8 core from AMD working as fast as an i3 from Intel....hmmm

Edit:

This was meant as a funny comment, but everybody took it so seriously, so personally. I have nothing against AMD or like Intel (on the contrary). But if you check some reviews, mostly for games, the performance is a little better, or on pair with an i3, but definitely bellow any i5. That's it.


----------



## MxPhenom 216 (Nov 6, 2012)

Prima.Vera said:


> 8 core from AMD working as fast as an i3 from Intel....hmmm



uh what, its definitely faster then a Intel i3 lol!


----------



## Capitan Harlock (Nov 6, 2012)

Prima.Vera said:


> 8 core from AMD working as fast as an i3 from Intel....hmmm



Make a workstation with a 8 core vs 2 core and see who win? dont troll allover only why intel is faster ,you have to see first the budget than one people have and what  you can get for the price.
Spend money for looks cool and follow what the benchmarks show when you can save money for other things is nonsense than spend for the same thing and obtain a good working machine.
If you put amd vs intel in single thread programs intel works better but after you in a game have 60 + fps where you have to go? make the cool guy in front of the world?


----------



## HammerON (Nov 6, 2012)

Interesting CPU for the price...
Haven't had a AMD CPU since my Athlon 64 FX-55.


----------



## SIGSEGV (Nov 6, 2012)

Prima.Vera said:


> 8 core from AMD working as fast as an i3 from Intel....hmmm



omg, this is so lol statement, epic win dude 

--
i haven't seen any newest amd's vishera in my local electronic retail shop since its released


----------



## Dent1 (Nov 6, 2012)

Prima.Vera said:


> 8 core from AMD working as fast as an i3 from Intel....hmmm



Why are you being so patronising. Have you read the reviews? 

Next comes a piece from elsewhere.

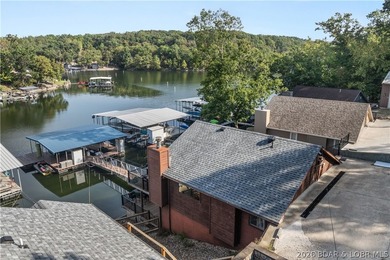 Experience lakefront perfection in this charming 3-bed, 3-bath - photo 1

The 4 core piledriver pisses on the i3 in 90% of benchmarks and when it doesn't piss ontop of it, it performs about the same!

The 6 core and 8 core are in a different league.


----------



## Aquinus (Nov 6, 2012)

Prima.Vera said:


> 8 core from AMD working as fast as an i3 from Intel....hmmm



Troll alert!

Maybe on single-threaded tasks at stock speeds in 10% of those cases. Oh wait, the i3 doesn't overclock worth crap.


----------



## [H]@RD5TUFF (Nov 6, 2012)

Hopefully it's less power hungry at higher clocks than the current pile driver chips!:shadedshu


----------



## Prima.Vera (Nov 6, 2012)

a111087 said:


> http://www.globalmotorbikes.com/forums/image.php?u=4633&dateline=1343429863
> 
> http://i.qkme.me/367ke7.jpg
> 
> ...



Enjoying yourself?? 


ok, ok, but still no faster than the latest i5. This can be easily checked by "googleing ...


----------



## blibba (Nov 6, 2012)

In fairness, while FX8>i3 overall, I think games will be unplayable on this chip before they're unplayable on an IB i3.

Support for SMP in games is just advancing too slowly.

And the power efficiency advantage will still be way in Intel's favour, given that their 95W platforms use a lot more power than Intel's 95W platforms do, and the i5-3550P is 69W iirc.


----------



## Dent1 (Nov 6, 2012)

Prima.Vera said:


> ok, ok, but still no faster than the latest i5. This can be easily checked by "googleing ...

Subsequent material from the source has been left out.